Erinnerung an die deutsche Kolonialvergangenheit

Bereits zum achten Mal fand der Umzug statt, immer Ende Februar, denn am 26. dieses Monats endete im Jahr 1885 die Berliner Konferenz, auch Kongo-Konferenz oder Westafrika-Konferenz genannt. Der damalige Reichskanzler Bismarck hatte Vertreter aus allen großen Europäischen Nationen, aus den USA und dem Osmanischen Reich eingeladen, um im so genannten „Wettlauf um Afrika“, der fortschreitenden und gewaltsamen Kolonialisierung des Kontinents, die Handelsbeziehungen zu klären. Die Konferenz gilt als Symbol der Aufteilung Afrikas unter den westlichen Imperialmächten. Die Grausamkeiten und Verbrechen an den Menschen der verschiedenen afrikanischen Völker und Nationen begannen jedoch schon früher.

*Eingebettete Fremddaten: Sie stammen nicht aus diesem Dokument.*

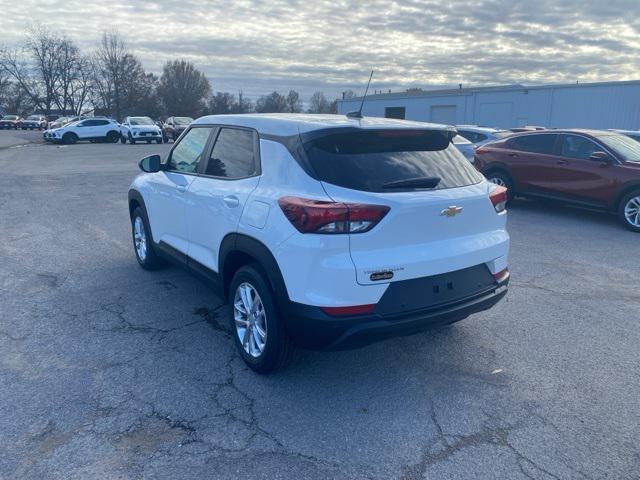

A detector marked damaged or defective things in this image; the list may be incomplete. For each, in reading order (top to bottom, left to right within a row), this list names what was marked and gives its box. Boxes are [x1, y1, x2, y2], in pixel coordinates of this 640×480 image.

cracked asphalt [1, 129, 640, 478]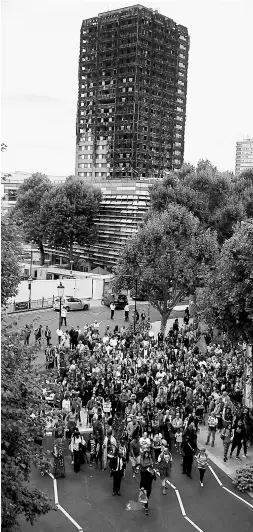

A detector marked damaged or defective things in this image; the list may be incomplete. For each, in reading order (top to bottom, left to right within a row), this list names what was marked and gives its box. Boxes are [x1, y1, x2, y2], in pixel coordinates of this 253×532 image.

charred high-rise building [75, 3, 190, 183]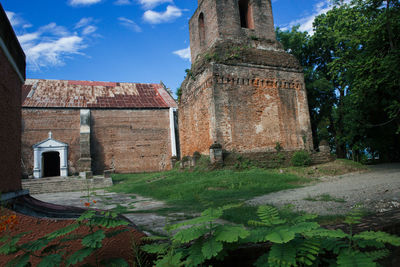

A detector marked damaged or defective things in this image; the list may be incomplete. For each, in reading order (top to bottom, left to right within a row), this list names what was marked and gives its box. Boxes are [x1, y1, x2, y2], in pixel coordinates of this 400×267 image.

rusty metal roof [21, 79, 177, 109]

Der internationale Handel mit versklavten Menschen aus Afrika hatte im 17. und 18. Jahrhundert seinen Höhepunkt. Brandenburg-Preußen war dabei beispielsweise mit der „Brandenburgisch-Africanischen-Compagnie“, die mit dem spanischen König einen Vertrag über die jährliche Verschleppung von 2000 bis 3000 Personen als Sklaven unterhielt, aktiv beteiligt. Auch im Preußischen Heer mussten Menschen aus Afrika dienen und entführte Kinder kamen häufig als „Kammermohren“ an die europäischen Höfe – auch an den Preußischen Königshof von Friedrich Wilhelm I. Einige von ihnen waren im 18. Jahrhundert in einer Kaserne in der „Mohrenstraße“ untergebracht, wodurch sie ihren bis heute nicht geänderten Namen erhielt. Das Wort hat eine komplexe Geschichte und geht auf einen griechischen Begriff für „dunkelhäutig“ oder auch „dunkelhaarig“ zurück. Er ähnelt allerdings stark dem Wort für „dumm“ oder auch „gottlos“, wodurch seit Beginn eine negative Bewertung verknüpft war. Schon im Althochdeutschen wurde „Mohr“ sowohl für Schwarze Menschen, als auch als Bezeichnung für den Teufel benutzt. So argumentieren antirassistische Gruppen und WissenschaftlerInnen seit Jahren, dass der Begriff eine Fremdbezeichnung mit rassistischem Unterton bis hin zur offenen Herabwürdigung darstellt und in untrennbarer Verbindung zu Kolonialismus und Sklavenhandel steht.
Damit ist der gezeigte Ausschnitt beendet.